Exercise requirements
Copy the records below exactly as they stand. Leave out the pictures.

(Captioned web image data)
_____

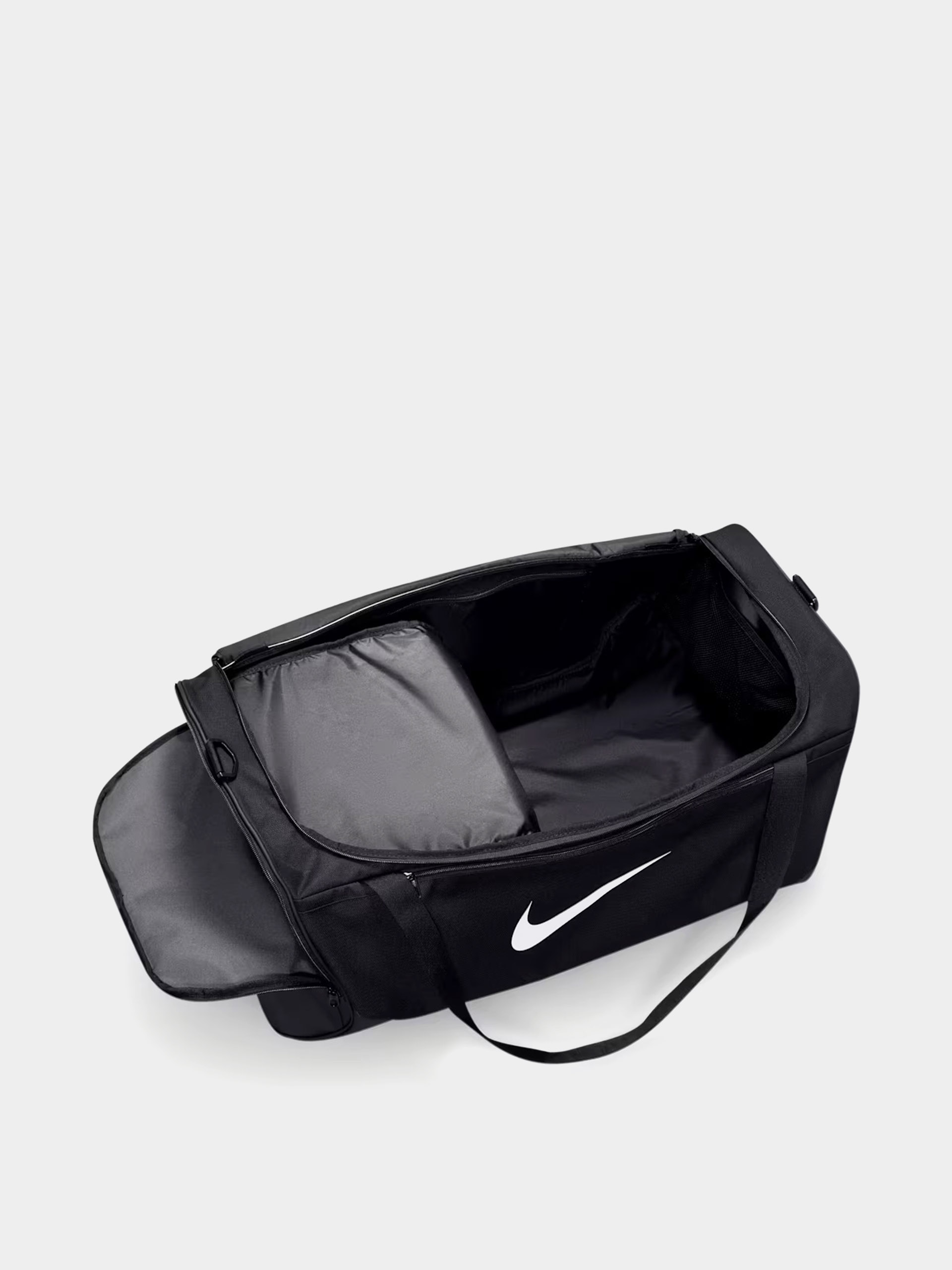Чанта Nike SB Brasilia L (black/black/white)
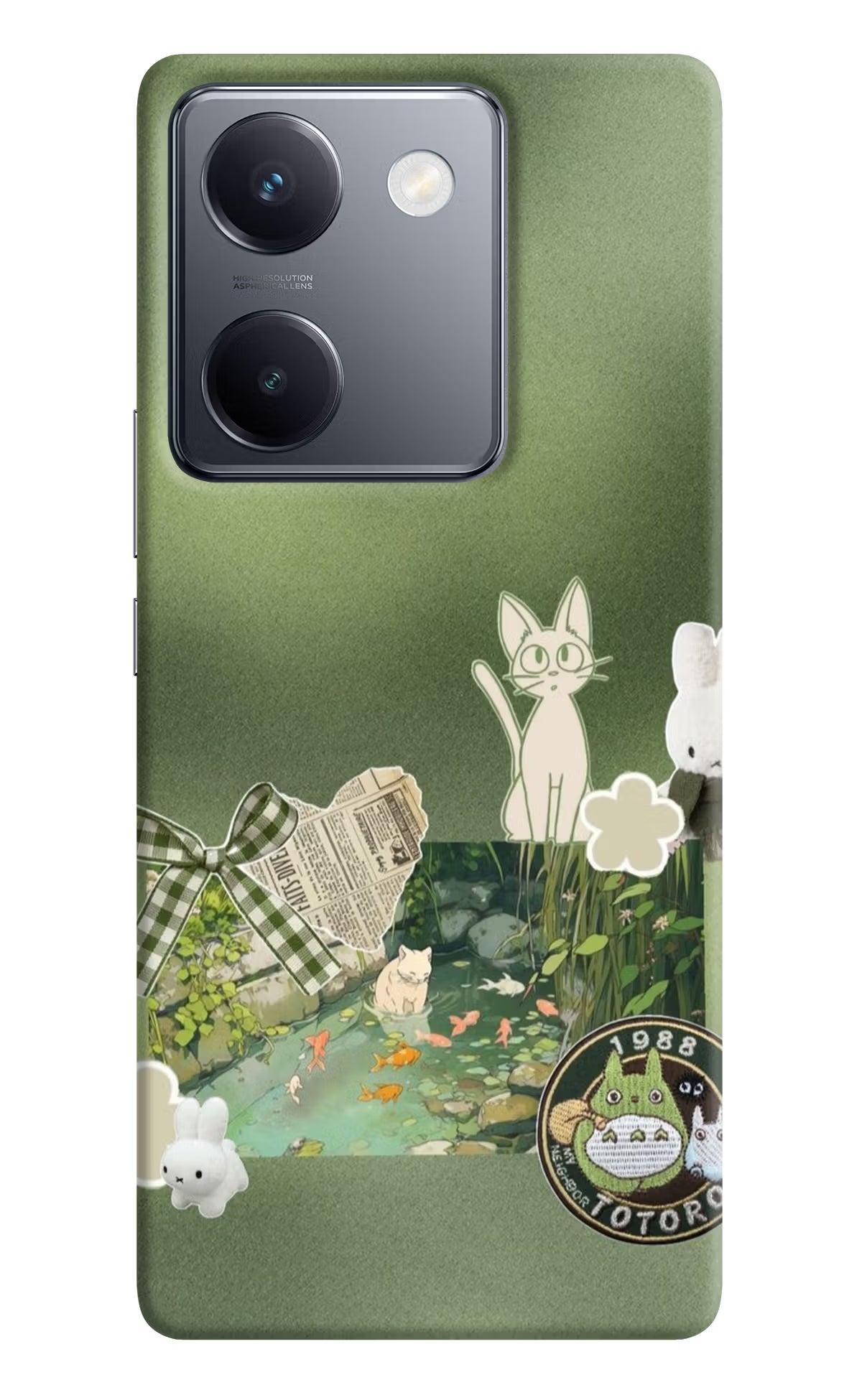 Aesthetic anime Vivo Y300 Plus 5G Back Cover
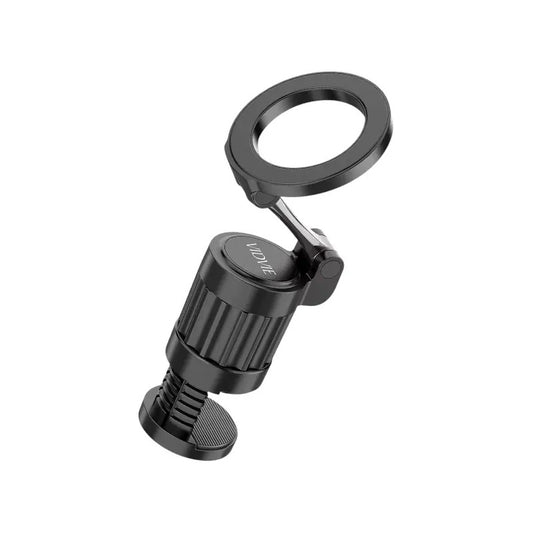 Soporte Magnético Para Celular 360° Ajustable Compacto Negro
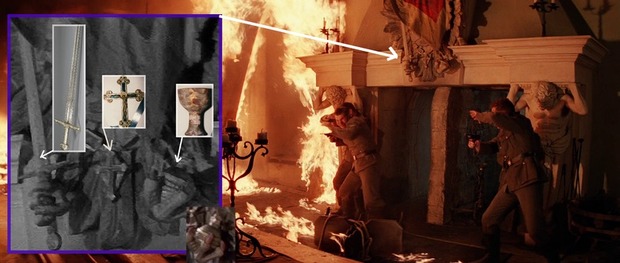 ¿Qué había en el castillo Brunwald de INDIANA JONES 3?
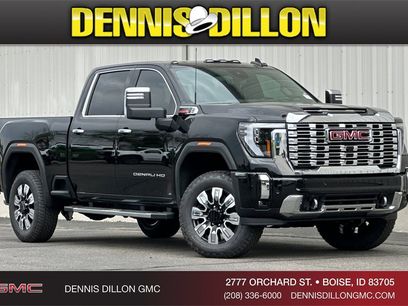 New 2025 GMC Sierra 2500 Denali w/ Denali Reserve Package
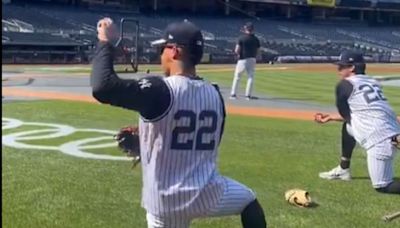 Juan Soto Warms Up in Highly Anticipated Yankees Giveaway, and Fans Loved It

_____

Final answer
Чанта Nike SB Brasilia L (black/black/white)
 Aesthetic anime Vivo Y300 Plus 5G Back Cover
 Soporte Magnético Para Celular 360° Ajustable Compacto Negro
 ¿Qué había en el castillo Brunwald de INDIANA JONES 3?
 New 2025 GMC Sierra 2500 Denali w/ Denali Reserve Package
 Juan Soto Warms Up in Highly Anticipated Yankees Giveaway, and Fans Loved It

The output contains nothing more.